Cranberry bogs — naturally swampy areas infused with sand to create the ideal growing conditions for the iconic North American fruit — have been a staple of the Massachusetts landscape and economy for centuries. At the turn of the new millennium, the industry was in a tough spot. An overabundance of cranberries on the market from higher-yielding new cultivars in Wisconsin and Quebec had caused prices to crash and then swing wildly, even after the federal government started paying growers for surplus production. Some Massachusetts cranberry bogs no longer made financial sense, and for farmers who had exhausted every option to stay in operation, development was the only reliable way out. But it wasn’t a fate those farmers wanted for the land they loved.
“Many of the smaller farmers are like fifth-generation,” Davenport says. “And their property is what they have to pass on to their children.”
Though she and Schulman were only first-generation, they’d envisioned keeping the roughly 600 acres of legacy farmland pieced together into Tidmarsh Farms in their own family for many years to come. That looked unlikely if they kept growing cranberries — and impossible if the land wound up in the hands of a developer. So in 2008, Davenport retired from the media research lab she’d founded at MIT and went all in on conservation. It was the beginning of a multi-year effort to revive vanished wetlands that would bring new life not only to her property, but to an entire industry increasingly burdened by climate change, while doing some good for the climate in the process.
As Davenport began her campaign to save Tidmarsh, she discovered that there wasn’t much of a history of bog restoration for her to build upon. It was well-understood at the time that most cranberry bogs in Massachusetts were situated within natural wetlands but had been made more hospitable for cranberries — and stripped of other, undesirable plants — by putting down a fresh layer of sand every few years. Researchers already suspected that many of those wetlands were originally Atlantic white cedar swamps, an ecosystem that’s rare today. Yet evidence was mounting that cranberry bogs that were taken out of production grew into sandy pine and maple forests instead of reverting to the wetlands they were before.

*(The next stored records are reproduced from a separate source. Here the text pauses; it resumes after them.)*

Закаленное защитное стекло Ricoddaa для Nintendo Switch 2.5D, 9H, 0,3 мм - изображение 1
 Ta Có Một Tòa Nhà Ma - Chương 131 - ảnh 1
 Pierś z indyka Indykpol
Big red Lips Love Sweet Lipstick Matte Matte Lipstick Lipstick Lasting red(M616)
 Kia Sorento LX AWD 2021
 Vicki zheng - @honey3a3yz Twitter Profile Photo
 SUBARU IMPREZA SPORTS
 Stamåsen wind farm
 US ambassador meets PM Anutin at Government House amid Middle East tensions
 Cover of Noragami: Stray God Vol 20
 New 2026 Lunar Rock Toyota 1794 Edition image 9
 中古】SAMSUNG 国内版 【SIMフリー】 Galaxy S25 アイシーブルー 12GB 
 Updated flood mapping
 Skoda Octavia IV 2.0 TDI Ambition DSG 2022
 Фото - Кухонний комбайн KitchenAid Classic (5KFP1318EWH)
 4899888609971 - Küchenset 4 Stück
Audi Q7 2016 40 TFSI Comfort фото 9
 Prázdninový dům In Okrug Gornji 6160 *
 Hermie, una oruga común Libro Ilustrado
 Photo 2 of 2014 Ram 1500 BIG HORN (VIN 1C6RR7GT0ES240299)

Aside from a multi-decade, volunteer-led effort to return native brook trout to a river devastated by cranberry production, however, the idea of transforming former bogs back into true wetlands hadn’t been tested yet. The first project in the state to dig the sand out of an old cranberry bog and see what grew in its absence was just getting underway.
“It wasn’t absolutely clear-cut what was going to happen,” says Christopher Neill, a senior scientist at Falmouth’s Woodwell Climate Research Center who studies the effects of cranberry bog restoration. The hope was that stripping some of the sand from a bog at the headwaters of Plymouth’s Eel River would cause something more closely resembling a wetland to emerge in its place.
Wetlands are effective at storing carbon and filtering overabundant nutrients like nitrogen out of water. They provide good fish habitat and are rife with opportunities for recreation. And they can serve as buffers that shield nearby communities from flooding and sea-level rise. Protecting and restoring wetlands has been a recent priority among conservationists in part because it’s hard to replicate them in places they don’t naturally occur.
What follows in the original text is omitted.